Segment Start: Records shown

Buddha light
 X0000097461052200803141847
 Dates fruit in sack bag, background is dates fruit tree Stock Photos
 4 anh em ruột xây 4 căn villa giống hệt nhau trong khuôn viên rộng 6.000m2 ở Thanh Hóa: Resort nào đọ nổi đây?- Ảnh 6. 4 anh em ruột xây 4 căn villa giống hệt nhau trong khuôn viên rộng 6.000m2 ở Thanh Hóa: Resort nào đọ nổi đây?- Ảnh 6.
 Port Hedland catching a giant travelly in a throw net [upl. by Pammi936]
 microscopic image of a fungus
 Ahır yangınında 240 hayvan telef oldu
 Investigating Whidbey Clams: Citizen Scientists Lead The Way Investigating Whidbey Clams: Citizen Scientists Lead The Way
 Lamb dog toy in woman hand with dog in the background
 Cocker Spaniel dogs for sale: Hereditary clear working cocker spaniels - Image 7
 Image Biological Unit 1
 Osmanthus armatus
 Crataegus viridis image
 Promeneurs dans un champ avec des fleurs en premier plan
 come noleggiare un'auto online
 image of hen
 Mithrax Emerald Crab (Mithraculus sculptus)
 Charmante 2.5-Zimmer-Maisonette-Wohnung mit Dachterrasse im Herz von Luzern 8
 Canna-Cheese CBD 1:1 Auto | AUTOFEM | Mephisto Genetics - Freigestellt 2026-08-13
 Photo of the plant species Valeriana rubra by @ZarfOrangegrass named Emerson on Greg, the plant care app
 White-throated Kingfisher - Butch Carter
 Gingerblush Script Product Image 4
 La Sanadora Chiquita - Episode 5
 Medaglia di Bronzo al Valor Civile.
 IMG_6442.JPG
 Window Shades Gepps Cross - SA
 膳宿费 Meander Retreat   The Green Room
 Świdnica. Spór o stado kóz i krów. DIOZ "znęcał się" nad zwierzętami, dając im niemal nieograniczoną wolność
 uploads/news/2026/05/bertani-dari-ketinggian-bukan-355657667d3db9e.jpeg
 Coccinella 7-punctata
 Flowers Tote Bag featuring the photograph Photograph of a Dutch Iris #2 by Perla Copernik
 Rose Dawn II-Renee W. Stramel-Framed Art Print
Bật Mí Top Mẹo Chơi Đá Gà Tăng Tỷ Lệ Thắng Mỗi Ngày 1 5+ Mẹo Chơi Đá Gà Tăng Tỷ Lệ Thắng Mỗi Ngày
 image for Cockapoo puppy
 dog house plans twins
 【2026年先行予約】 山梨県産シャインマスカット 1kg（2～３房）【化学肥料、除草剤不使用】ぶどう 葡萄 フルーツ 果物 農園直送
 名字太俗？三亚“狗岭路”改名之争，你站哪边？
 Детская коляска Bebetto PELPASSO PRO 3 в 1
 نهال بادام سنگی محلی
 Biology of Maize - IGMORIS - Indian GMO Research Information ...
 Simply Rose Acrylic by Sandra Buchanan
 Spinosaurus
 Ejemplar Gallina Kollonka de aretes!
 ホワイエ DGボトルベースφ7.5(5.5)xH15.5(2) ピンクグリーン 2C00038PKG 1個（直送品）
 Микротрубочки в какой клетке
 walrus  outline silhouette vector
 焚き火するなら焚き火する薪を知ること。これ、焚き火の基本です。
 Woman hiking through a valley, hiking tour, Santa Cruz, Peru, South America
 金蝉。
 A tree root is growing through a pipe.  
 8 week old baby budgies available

Segment End: Records shown

Please print verbatim each line from the first line of the entries above to the line that contains "The Way Investigating", inclusive, and nothing more.

Buddha light
 X0000097461052200803141847
 Dates fruit in sack bag, background is dates fruit tree Stock Photos
 4 anh em ruột xây 4 căn villa giống hệt nhau trong khuôn viên rộng 6.000m2 ở Thanh Hóa: Resort nào đọ nổi đây?- Ảnh 6. 4 anh em ruột xây 4 căn villa giống hệt nhau trong khuôn viên rộng 6.000m2 ở Thanh Hóa: Resort nào đọ nổi đây?- Ảnh 6.
 Port Hedland catching a giant travelly in a throw net [upl. by Pammi936]
 microscopic image of a fungus
 Ahır yangınında 240 hayvan telef oldu
 Investigating Whidbey Clams: Citizen Scientists Lead The Way Investigating Whidbey Clams: Citizen Scientists Lead The Way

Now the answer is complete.